Speech

Opening Remarks to SEC-NYU Dialogue on Securities Markets #4: Shareholder Engagement

New York, N.Y.

Good morning, and thank you, Dean Morrison, for that kind introduction.  It is a pleasure to be back at NYU and to be in the company of so many who care deeply about our markets and our investors.

Special thanks also goes to Alexander Ljungqvist, Anthony Lynch, Ed Rock, and others from the Salomon Center for the Study of Financial Institutions and the Stern School of Business at New York University.  Thank you also to the staff in the Division of Economic and Risk Analysis, for all of the preparation required to make an event like this happen.

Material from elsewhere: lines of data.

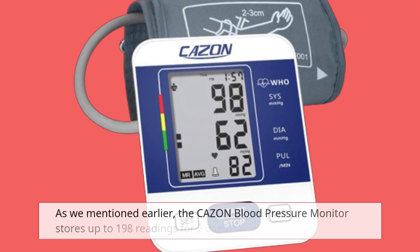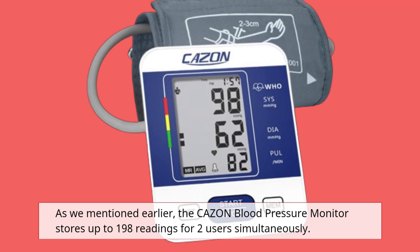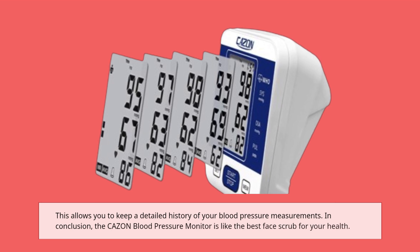The CAZON blood pressure monitor stores up to 198 readings for two users simultaneously, allowing you to keep a detailed history of your blood pressure measurements.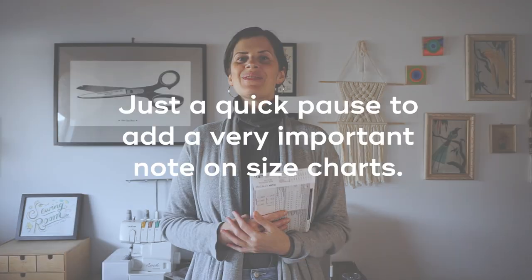Or if you have a PDF pattern, it'll be in the instruction booklet, and you want to find the column where your measurements fit best. Not all pattern companies have the same size charts, so you really do need to look at them and choose the size based on the chart.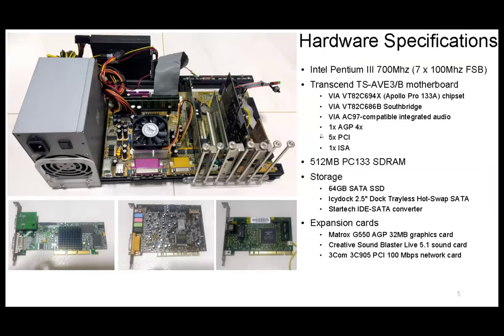It has 512 MB of RAM — a specifically chosen number. This motherboard can support up to 1.5 GB, but for Windows 98, if you go above 512 MB there will be some configuration issues, so it's best to stay with this. It runs on a SATA SSD — reasonably modern — because older IDE hard drives are harder to come by, and even if you find them the condition may not be good. I have a hot-swap SATA bay so it's easy to change the drive, and I convert SATA to IDE because the motherboard is too old for SATA.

This is now the fourth in the series of SEC-NYU dialogues, and I am pleased with the four topics that have been covered, as well as the quality of the discussions thus far.  It is important that the SEC be able to take a forward-looking approach with respect to our securities markets — to keep up to date with key developments, and be alert to issues where regulation may be appropriate in the future.  Hearing about new developments or theories — whether they require us to take specific action or not — is an important part of that process.  At the end of the day, our ability to spot growing issues and head them off with thoughtful, informed, incremental regulation, or deregulation, will always be preferable to addressing problems retrospectively, including through enforcement.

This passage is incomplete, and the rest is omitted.